* _Directions_: Write out each record below exactly, without pictures.

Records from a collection
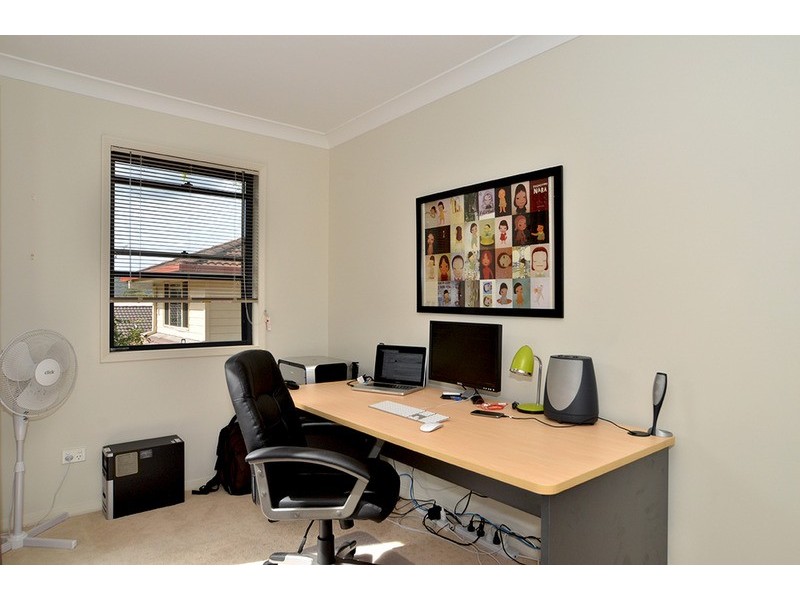 6/69 Flathead Road, Ettalong Beach NSW 2257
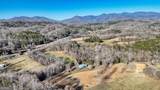 8AC Jimmy Nicholson Road - Photo 12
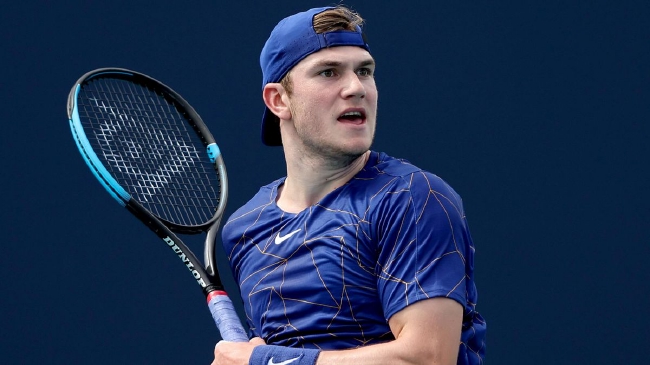 保持稳定 保持稳定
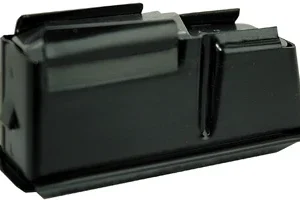 BROWNING MAGAZINE BLR 81 300
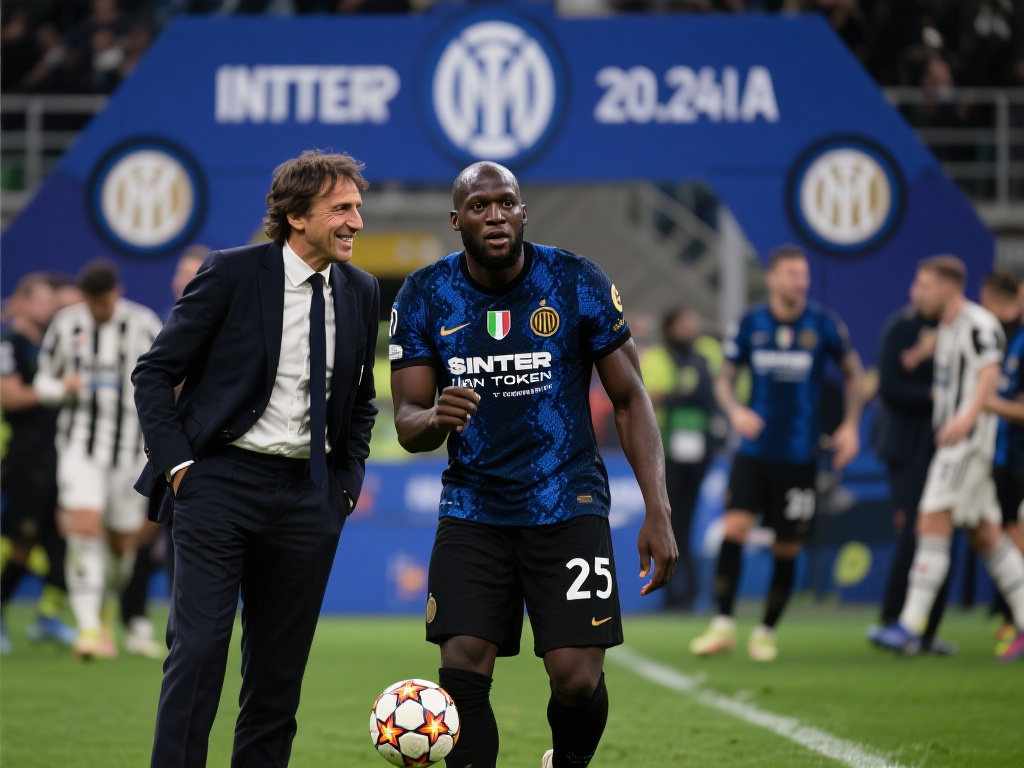 的高排名体 的高排名体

* _Answer space_:
 6/69 Flathead Road, Ettalong Beach NSW 2257
 8AC Jimmy Nicholson Road - Photo 12
 保持稳定 保持稳定
 BROWNING MAGAZINE BLR 81 300
 的高排名体 的高排名体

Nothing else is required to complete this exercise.